The story moves forward quite quickly. Bruno and his family move to Poland because of his father’s new job, and he struggles to settle into his new life. His sister is cruel and it is quite obvious that she – unlike her brother – really does understand what Auschwitz is. Bruno feels isolated and learns to explore, and it is this that propels the story forward at a seemingly fast pace.
John Boyne has written this story through the eyes of a young child – Nazi Germany is seen through Bruno, who is trying to grow up within such a harsh and unrelenting time in history. He befriends a boy of the same age in the concentration camp next to his house, and the two become friends.
Their friendship is sweet – he brings food for his friend and they talk about trivial things.
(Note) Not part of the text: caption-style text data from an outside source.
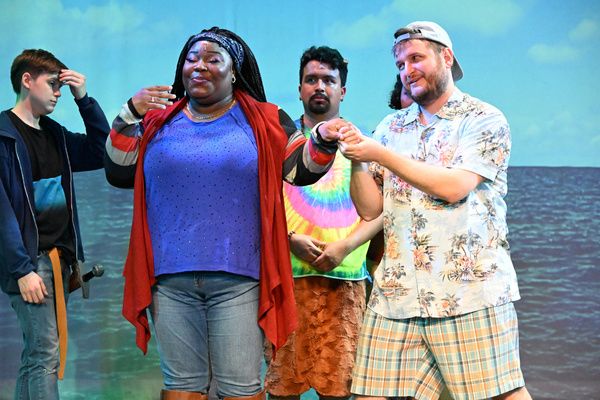 Jaxon Anderson (Percy), Tamara Stevens (Sally), Trey Cardona (Grover), Arne Schwitzge Photo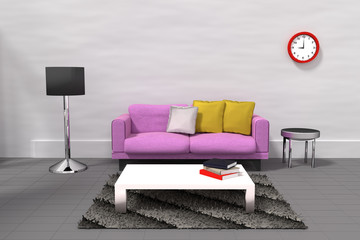 3D rendering of a modern white living room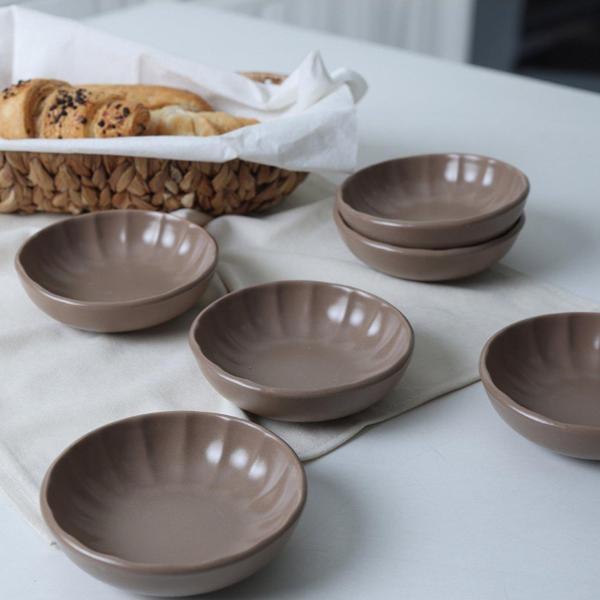 Keramika Mat Toprak Taupe Sirius Çerezlik / Sosluk 12 Cm 6 Adet 977 - Image 1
They learn to enjoy each other’s time, but throughout the entire novel, there’s a sense of dread. Somehow, you know that this story won’t end well and John Boyne achieves this by writing the main character as an extremely naive young boy. Bruno does not catch on to what Auschwitz really is, and does not understand why his new friend wears striped pajamas. Bruno does not really understand what his father’s job is, or why his friend is so skinny and doesn’t get fed.
This novel shows Nazi Germany in a subtle way because Bruno does not understand what he’s experiencing, therefore he does not dwell on it. Particular aspects of his life are described in short paragraphs because Bruno does not think them to be important, and it is this kind of storytelling that makes this novel so powerful and eye-opening.